Importantly, the conserved and critical function of Pmk1 homologs from different plant‐pathogenic microorganisms in pathogenicity is well known. In M. oryzae, Pmk1 is essential for appressorium formation and invasive growth (Xu & Hamer, 1996). Recently, taking advantage of living cell imaging, Pmk1 inhibition mutants have been shown to fail to invade plant cells (Sakulkoo et al., 2018). In the soilborne pathogenic fungus F. oxysporum, Fmk1 regulates some pathogenicity‐regulated processes such as invasive growth, reduced expression of the pectate lyase encoding gene, and root attachment (Di Pietro et al., 2001). In addition, Fmk1 is also involved in surface hydrophobicity and reactive oxygen species (ROS) homeostasis (Di Pietro et al., 2001; Segorbe et al., 2017). Deletion of VmPmk1 from V. mali, a necrotrophic fungus that harms the twig and stem of woody plants, shows obvious defects in oxidative stress response, cell wall integrity, and fungal pathogenicity (Wu et al., 2017). Similarly, our previous studies also found that CcPmk1 is required for fungal pathogenicity, growth, cell wall integrity, and expression of effectors (Yu et al., 2019). In this study, we conducted a transcription analysis of CcPmk1 deletion mutants during the infection process, and a subset of genes was differentially expressed, including many secondary metabolism gene clusters, transcription factors, and putative effectors that might be important for fungal pathogenicity. For example, GME2992_g, a putative MADS‐box transcription factor, was significantly down‐regulated in the CcPmk1 deletion mutant and its homolog Mig1 (MGG_01204) from M. oryzae is required for pathogenicity (Mehrabi et al., 2008). Moreover, GME557_g, named CcOah, was down‐regulated in the CcPmk1 deletion mutant, which contributes to oxalic acid biogenesis and virulence (Wang & Wang, 2020). In addition, GME7477_g, a small cysteine‐rich secretory protein belonging to the CAP superfamily, can inhibit PAMP INF1‐triggered cell death and plays a vital role in fungal pathogenicity to the host poplar (Han et al., 2021). Hence, we believe that CcPmk1 may participate in regulating the expression of a subset of downstream components to promote virulence.

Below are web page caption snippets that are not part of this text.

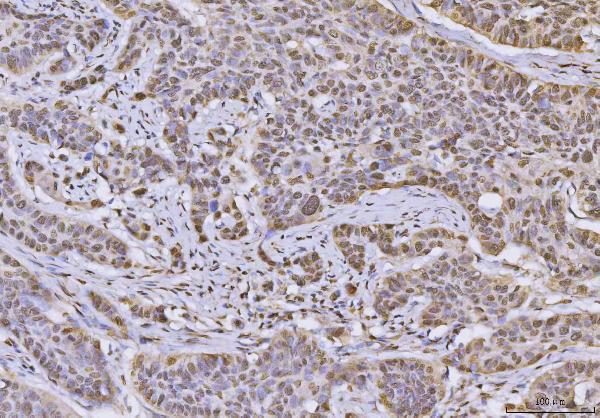 a03691 3 hnrnpu primary antibodies ihc testing 6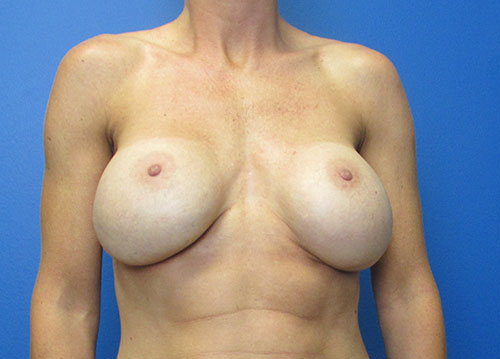 Breast Implant Removal Before and After | SGK Plastic Surgery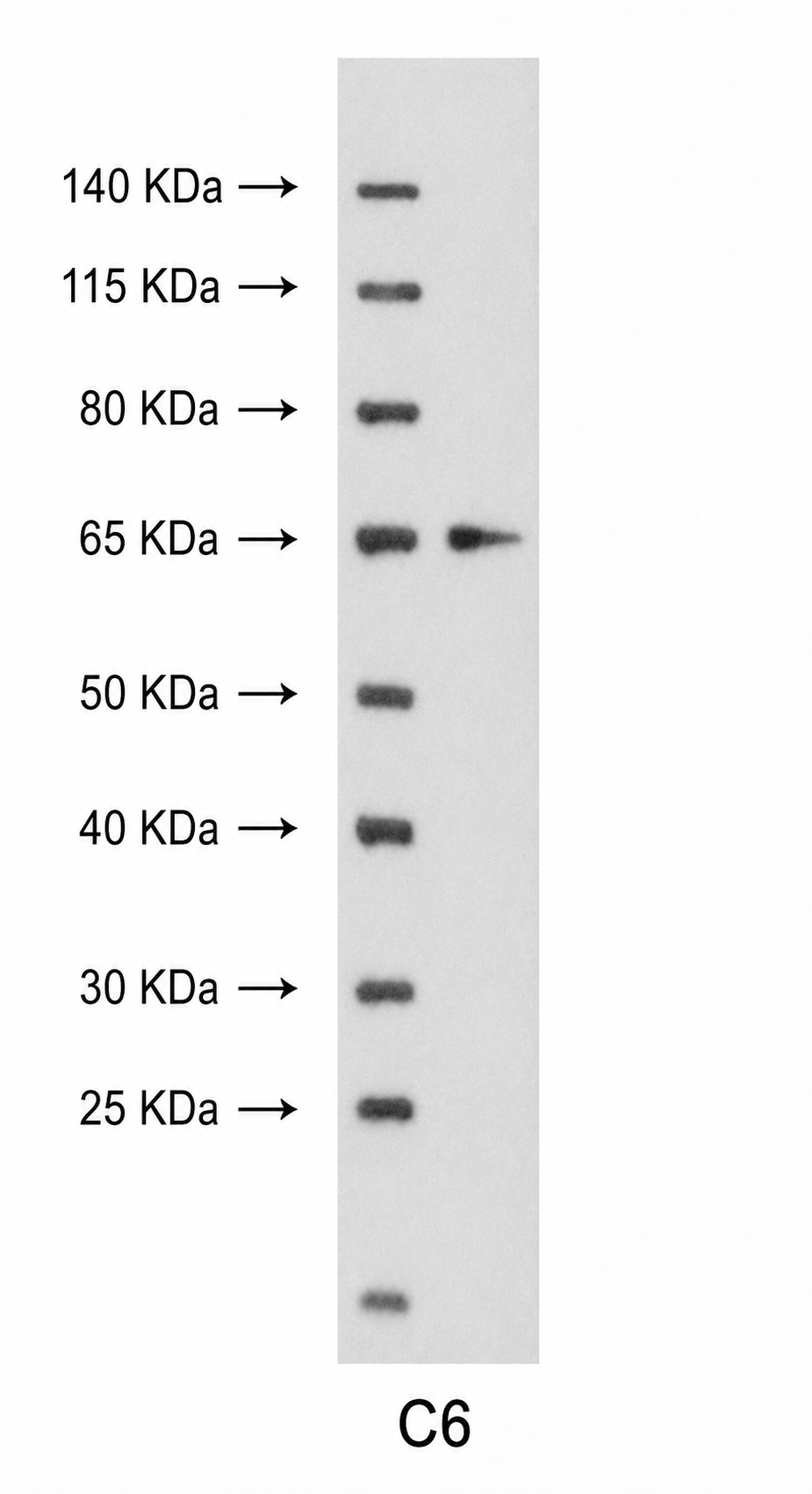 FoxO4  Rabbit mAb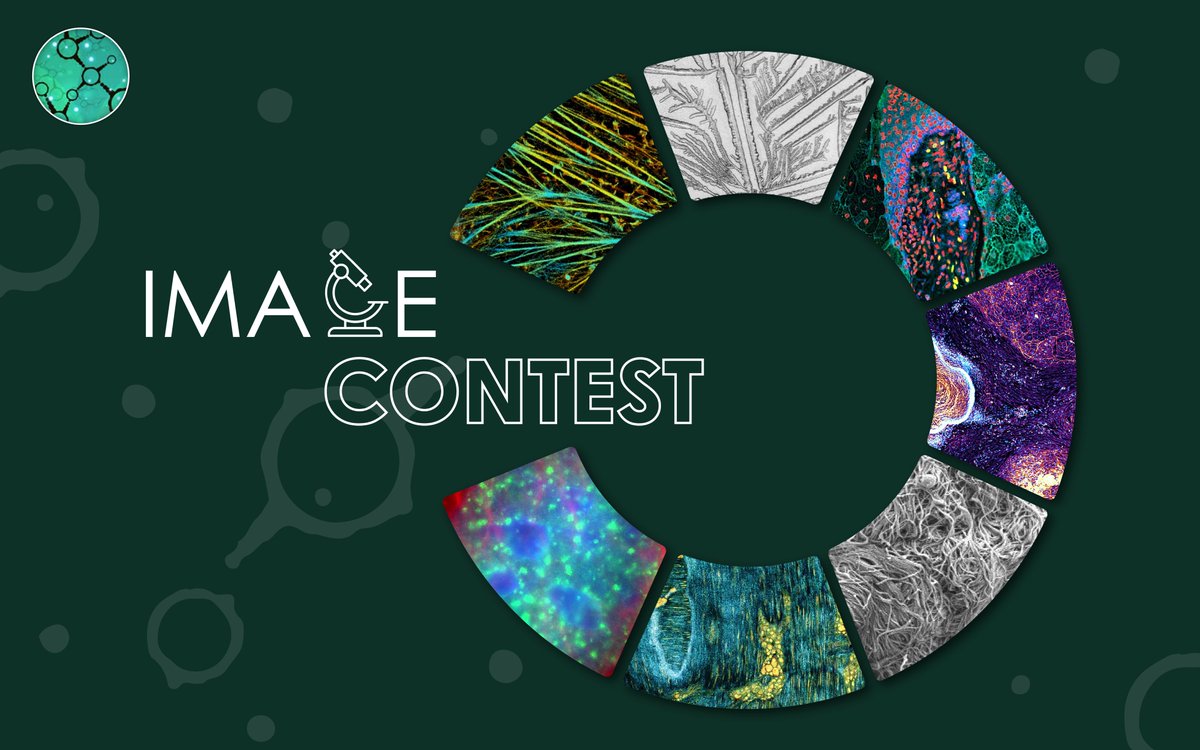 Fr_BioImaging's tweet image. The FBI Image Contest is still open!

You have until November 14th, 2025 to submit your most beautiful #microscopy images! 

🚨 Don’t wait! Submit here 👉 france-bioimaging.org/fbi-special-ev…

We can’t wait to discover your work!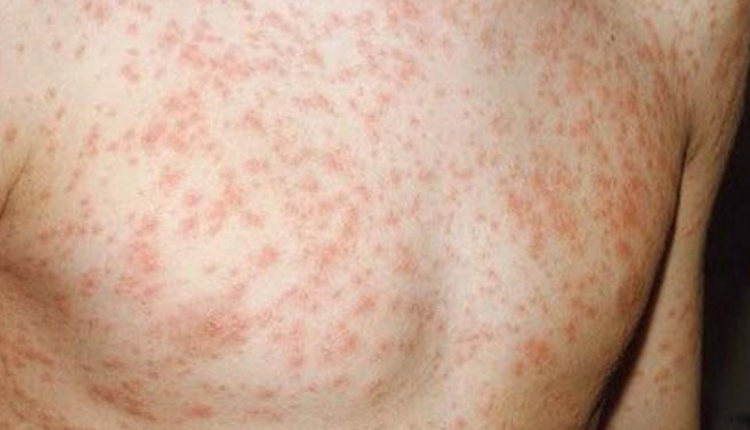 ban-soi-la-gi-dau-hieu-nhan-biet-nguyen-nhan-gay-benh-va-cach-phong-ngua-hieu-qua-cho-moi-lua-tuoi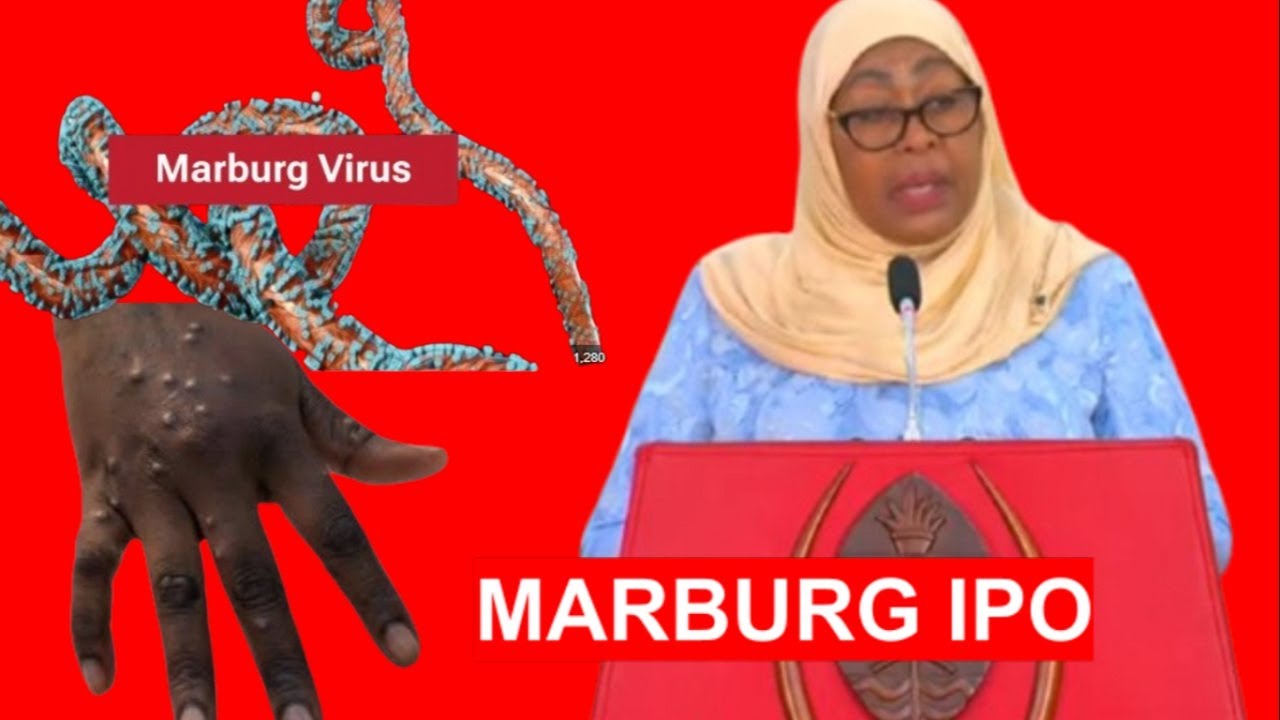 MMOJA AKUTWA NA UGONJWA WA  MARBURG KAGERA  :RAIS SAMIA ATOA TAARIFA RASMI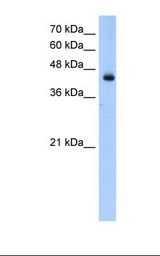 Transfected 293T cell lysate. Antibody concentration: 0.25 ug/ml. Gel concentration: 12%.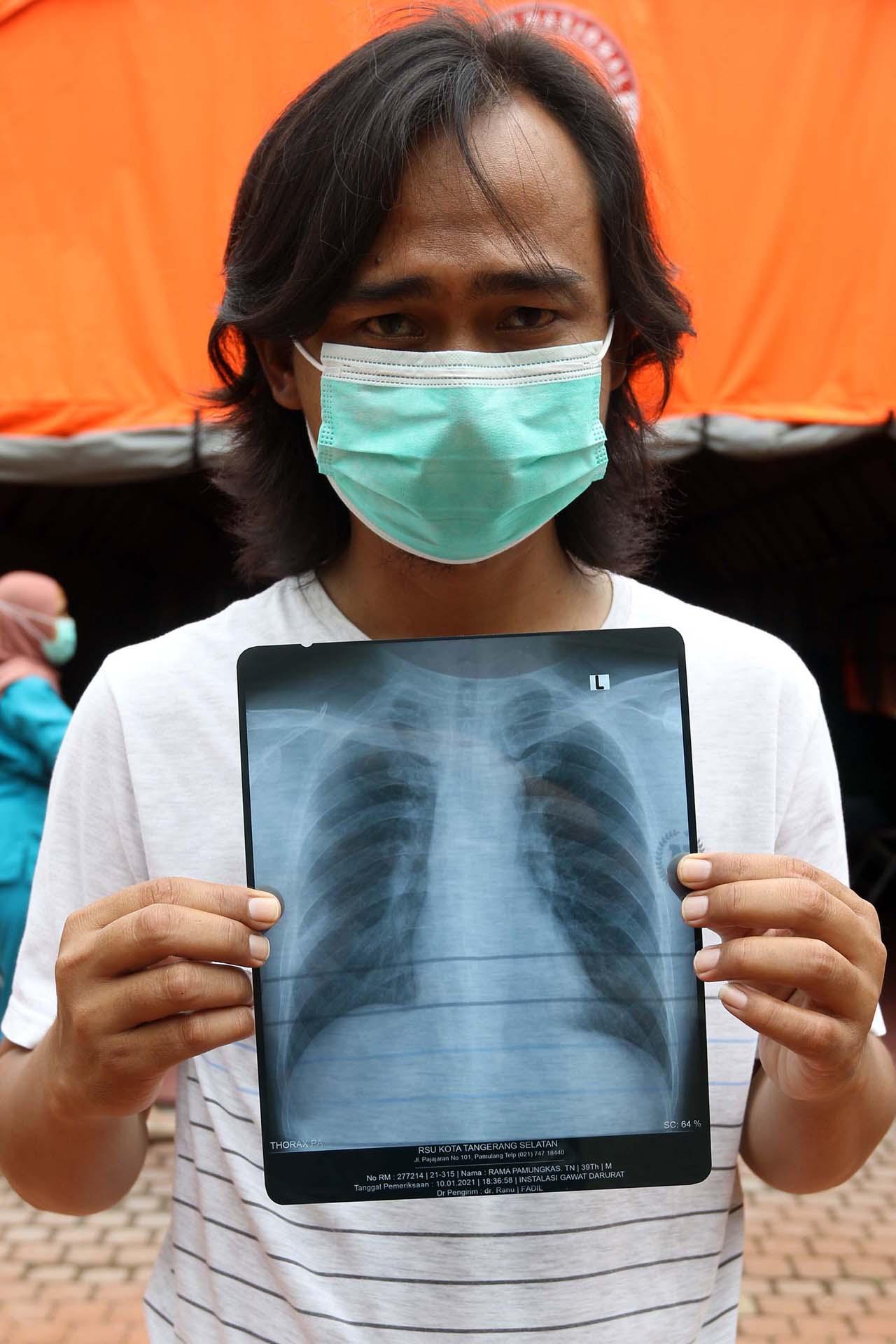 Sembuh dari Covid-19,...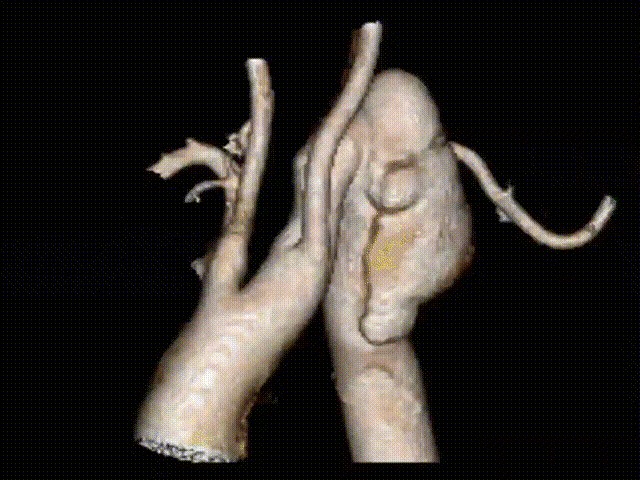 gore医疗怎么样「胸有乾坤」化险为夷，通险畅机——GORE® TAG® 胸主动脉覆膜支架治疗累及异形弓部动脉瘤_https://www.jmylbn.com_新闻资讯_第7张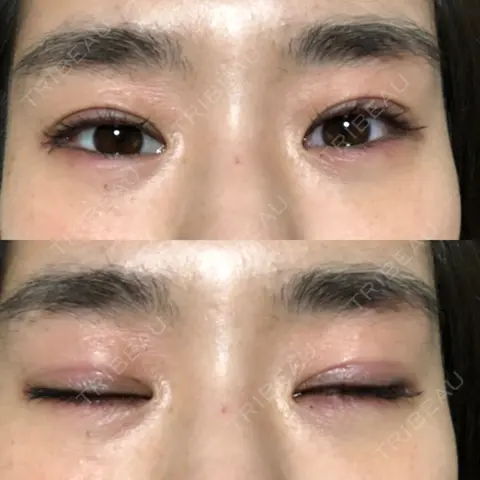 目尻切開 / タレ目形成・グラマラスライン（切開） サラ美容外科 DAY 0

Pathogenic fungi have evolved sophisticated ways to infect their hosts, mainly by adapting to the host environment and producing pathogenesis‐related products such as toxic secondary metabolites, effectors, and/or extracellular enzymes (Jonkers et al., 2012). Toxins produced by plant‐pathogenic fungi are often crucial determinants of plant disease, as toxins can lead to partial disease symptoms and nontoxic mutants are nonpathogenic or show reduced virulence (Richard, 2007). The Pmk1 homologs in Aspergillus fumigatus contributes to the positive regulation of secondary metabolite production, which is similar to the findings observed in both Aspergillus nidulans (Bayram et al., 2012; Frawley et al., 2018) and Aspergillus flavus (Frawley et al., 2020). In plant pathogens, the Pmk1 orthologs in F. graminearum and F. verticillioides are important for deoxynivalenol production and fumonisin biosynthesis, which are important for fungal virulence (Turrà et al., 2014). In this study, 11 secondary metabolite core biosynthesis genes were significantly down‐regulated in the CcPmk1 deletion mutant. Importantly, the whole terpene type gene cluster (GME3317_g to GME3324_g) and hybrid‐NRPS and T1PKS type gene cluster (GME3437_g to GME3444_g) were all significantly down‐regulated in ΔCcPmk1. These results suggest that Pmk1 orthologs may share a conserved function in secondary metabolism.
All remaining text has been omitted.